Information
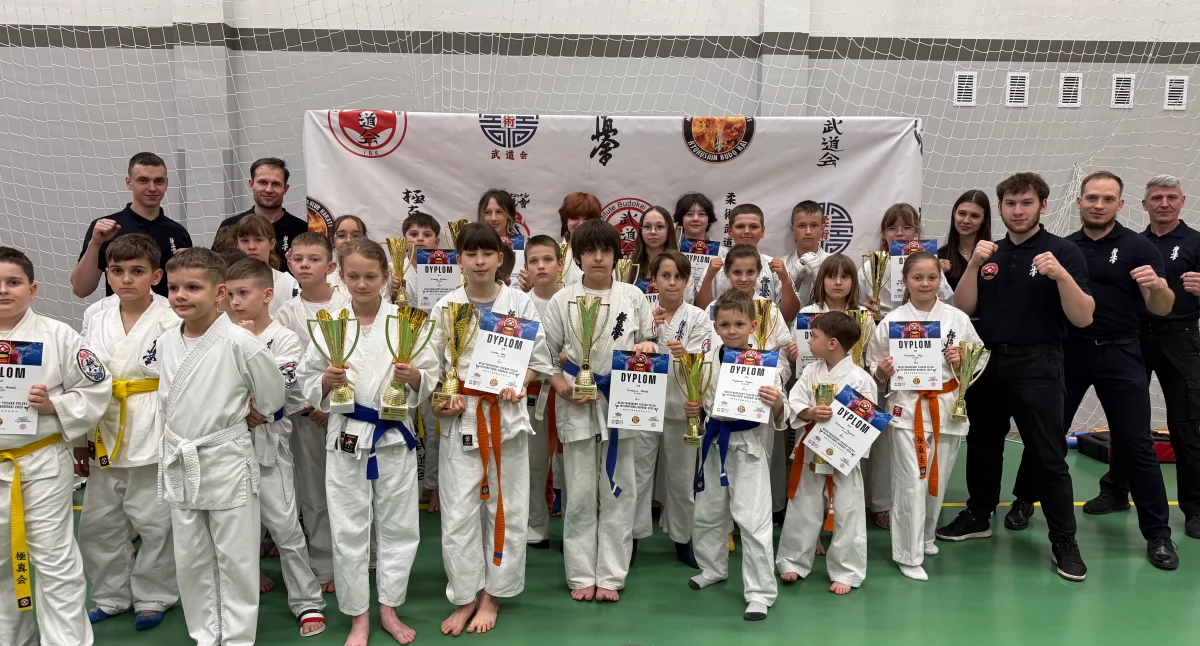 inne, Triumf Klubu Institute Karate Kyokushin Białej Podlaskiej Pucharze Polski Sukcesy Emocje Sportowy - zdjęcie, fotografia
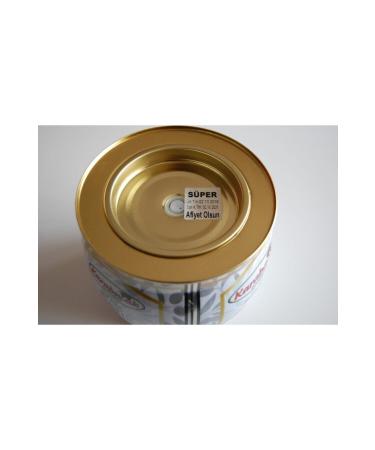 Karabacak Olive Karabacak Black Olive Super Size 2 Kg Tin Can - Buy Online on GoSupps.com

==

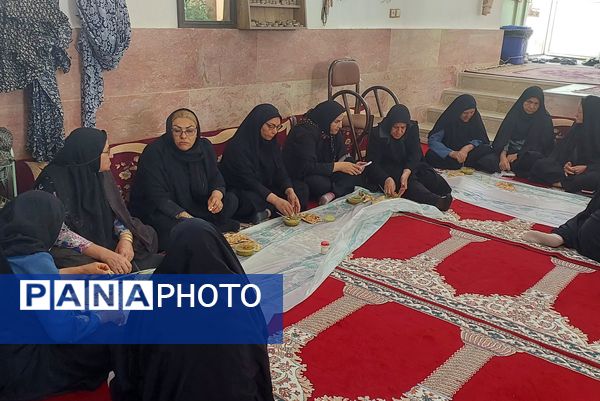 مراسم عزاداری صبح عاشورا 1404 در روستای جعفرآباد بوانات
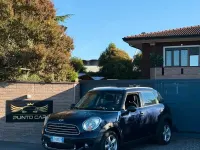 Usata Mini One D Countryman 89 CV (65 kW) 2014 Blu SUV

...

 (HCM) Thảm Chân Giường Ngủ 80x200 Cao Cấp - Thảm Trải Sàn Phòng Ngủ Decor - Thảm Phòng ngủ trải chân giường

The problem
Copy exactly the lines of the entries above from the one containing "inne, Triumf Klubu" through the one containing "Karabacak Olive Karabacak". Both end lines count; pictures do not.

Your response
 inne, Triumf Klubu Institute Karate Kyokushin Białej Podlaskiej Pucharze Polski Sukcesy Emocje Sportowy - zdjęcie, fotografia
 Karabacak Olive Karabacak Black Olive Super Size 2 Kg Tin Can - Buy Online on GoSupps.com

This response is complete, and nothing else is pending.